Basil Hayden's Case
6 Bottle Case
Following the end of the American Revolutionary War, Johannes Reginald Beam emigrated from Germany to the United States, and eventually settled in Kentucky County. At the time, Kentucky County was still considered part of Virginia, and was overseen by a military governor named John J. Bowman. After settling in Kentucky, Beam began harvesting corn and set forth a family tradition by distilling the excess grains he harvested into whiskey. Since then, seven generations of the Beam family have been involved in whiskey production for the eponymous company (the company is actually named after James Beam, who rescued it following Prohibition).
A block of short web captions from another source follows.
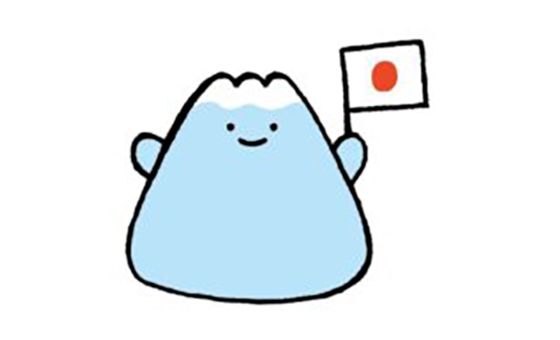 Fuji 3 Game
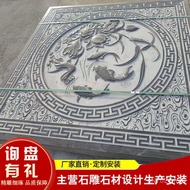 Photo Mural Stone Bluestone Ground Carving Mural Private New Chinese Style Shadow Wall Stone Carving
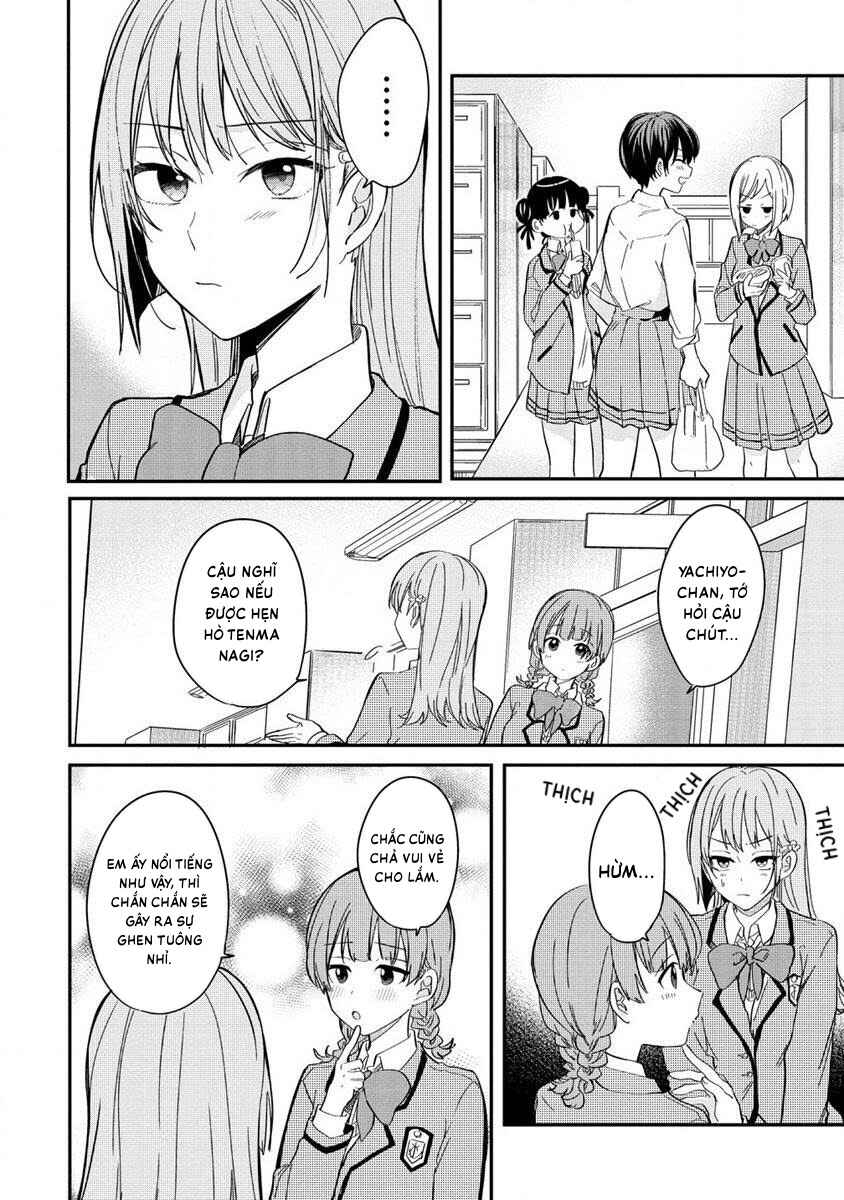 Koi ni Koi suru Koibito Kankei Chapter 2 - Page 4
Part of Booker Noe’s Small Batch Bourbon Collection, Basil Hayden’s Kentucky Straight Bourbon Whiskey is named after Basil Hayden Sr., a Maryland Catholic who led twenty-five other Catholic families from Maryland to Nelson County, Kentucky (near Bardstown, home of the Jim Beam) in the late 1700s. In addition to being a religious man — Hayden established the first Catholic church in what is now the Commonwealth of Kentucky — Hayden was also a distiller, and a pioneering one at that. While most bourbon at the time was made from a traditional corn base, in 1796 Hayden defied convention by mixing small grains into his mash, believing that the spicy rye flavors would provide a striking complement to the corn’s sweetness. Much to the chagrin of the traditionalist set, Hayden proved to be right.
Basil Hayden’s Kentucky Straight Bourbon Whiskey is made from a mash very similar to the recipe Hayden himself developed in 1796. The whisky has a golden amber color and a spicy aroma of breakfast tea and peppermint bark. On the palate, the rye grains are evident, as are the cracked pepper and honey notes. The finish is clean and dry, leaving a pleasant aftertaste of cinnamon and baking spices.